* **DATA FOR THIS EXERCISE**
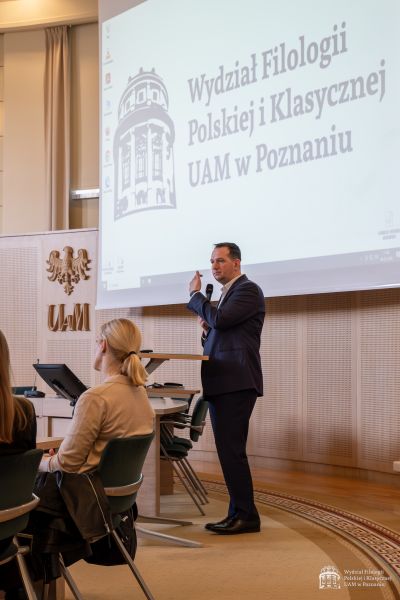 Przy mównicy w Salonie Mickiewicza pod Kopułą przemawia wielkopolski kurator oświaty, dr Igor Bykowski.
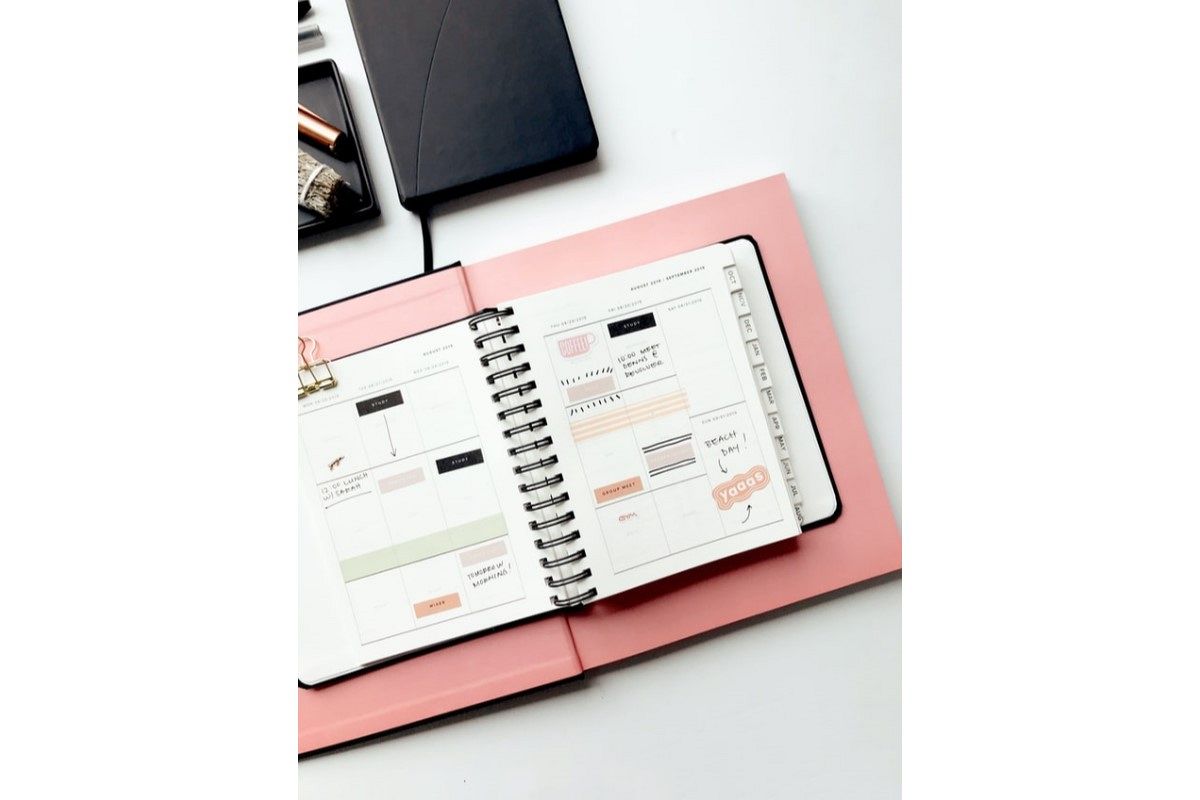 手帳の夢は何を暗示している?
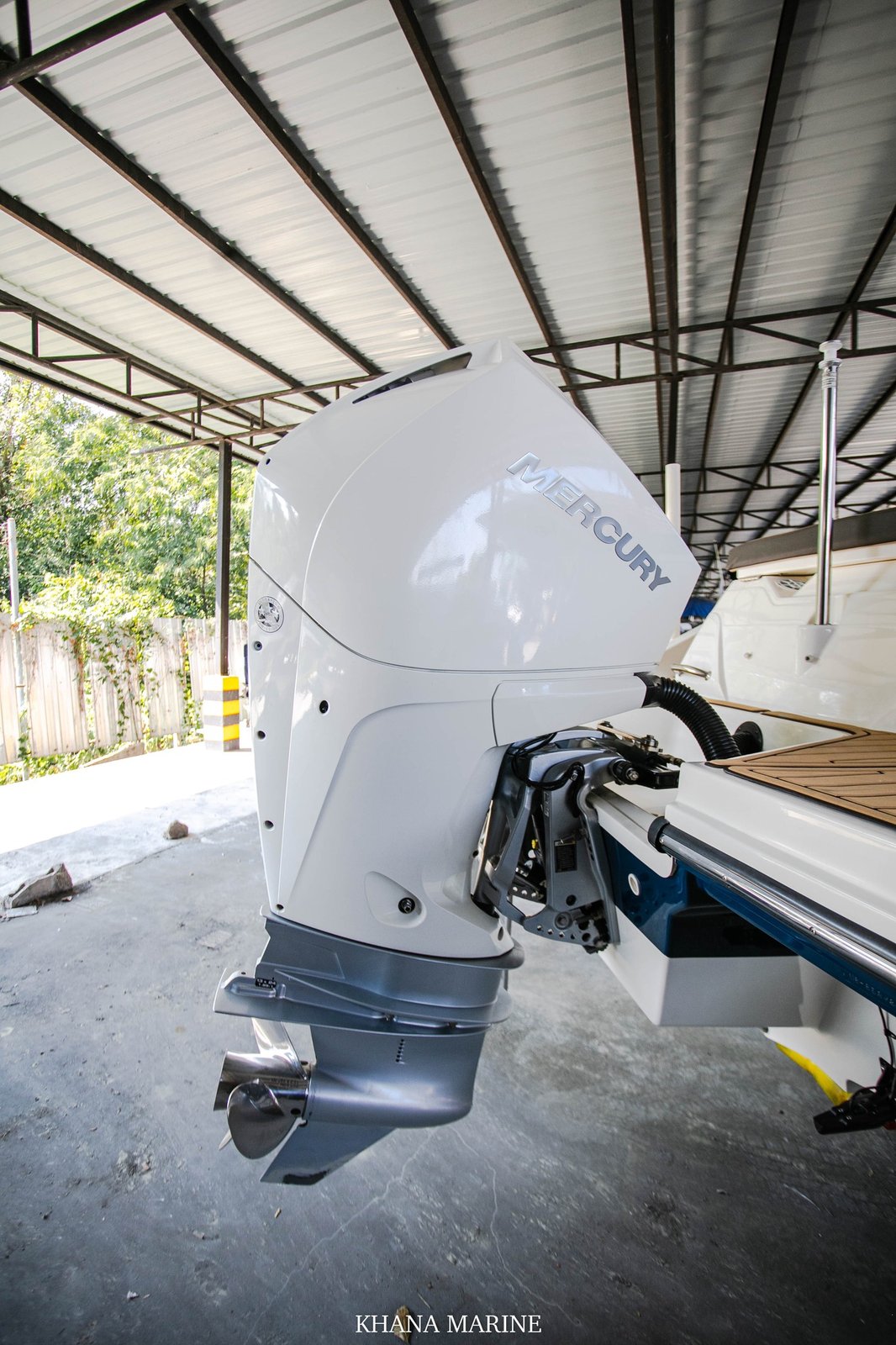 2019 Sea Ray SPX 230 Outboard | Mercury 200HP Fourstroke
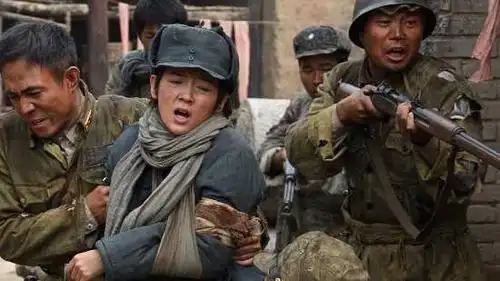 眼下正在热播,而其另一部抗战秘闻电视剧《川军团血战到底》也是拍摄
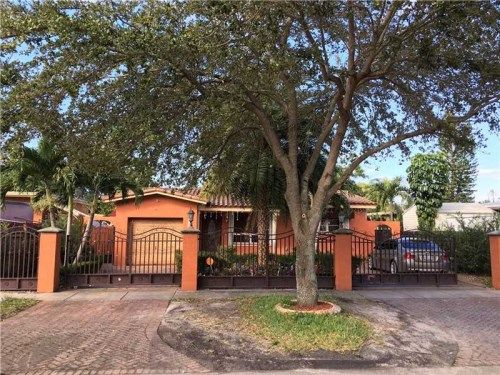 5074 E 1 AV, Hialeah, FL 33013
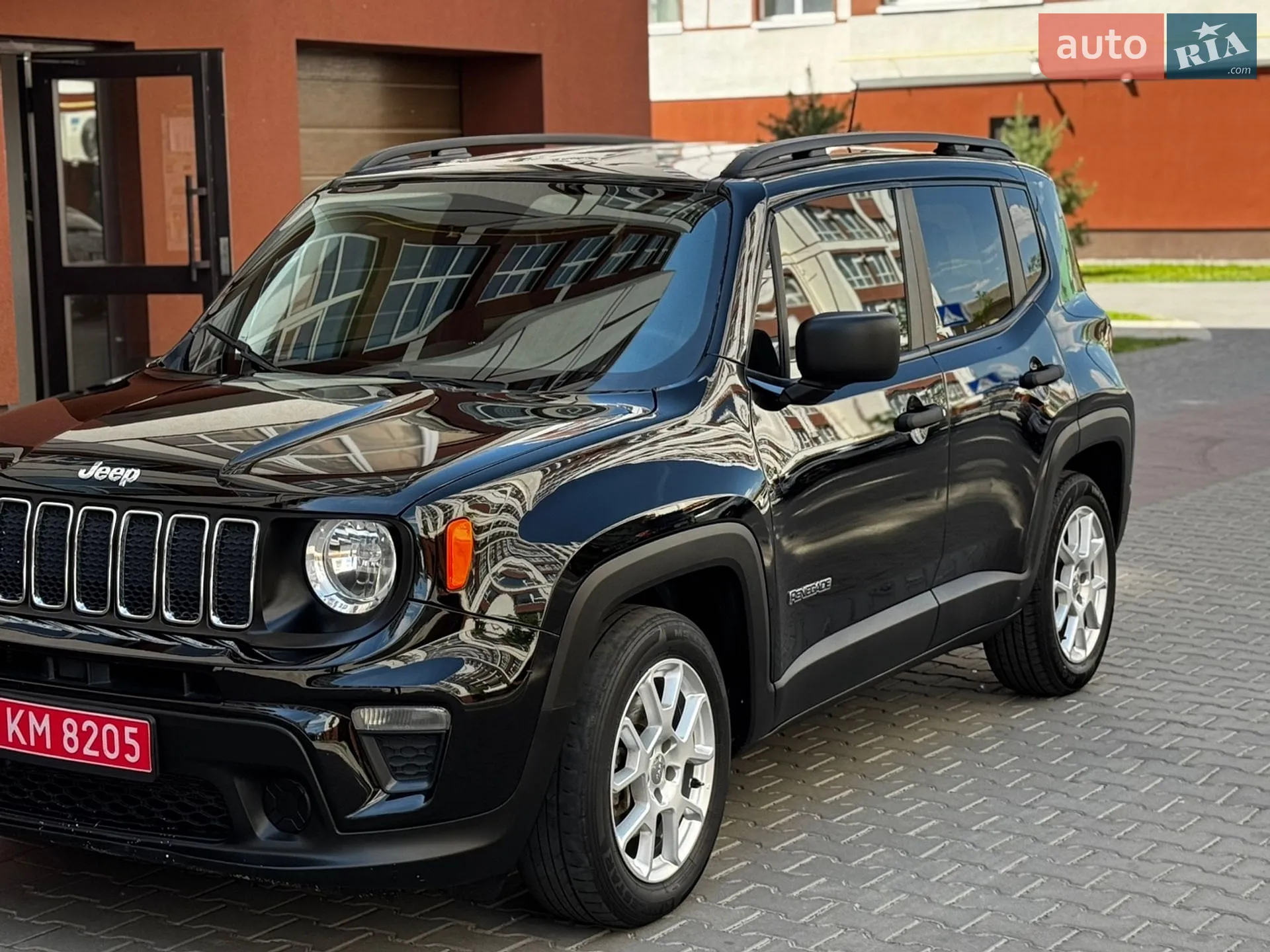 2021 Jeep Renegade - мініатюра 3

* **WORK INSTRUCTIONS**
Could you print the listing above exactly, without the pictures?

* **EXERCISE RESPONSE**
 Przy mównicy w Salonie Mickiewicza pod Kopułą przemawia wielkopolski kurator oświaty, dr Igor Bykowski.
 手帳の夢は何を暗示している?
 2019 Sea Ray SPX 230 Outboard | Mercury 200HP Fourstroke
 眼下正在热播,而其另一部抗战秘闻电视剧《川军团血战到底》也是拍摄
 5074 E 1 AV, Hialeah, FL 33013
 2021 Jeep Renegade - мініатюра 3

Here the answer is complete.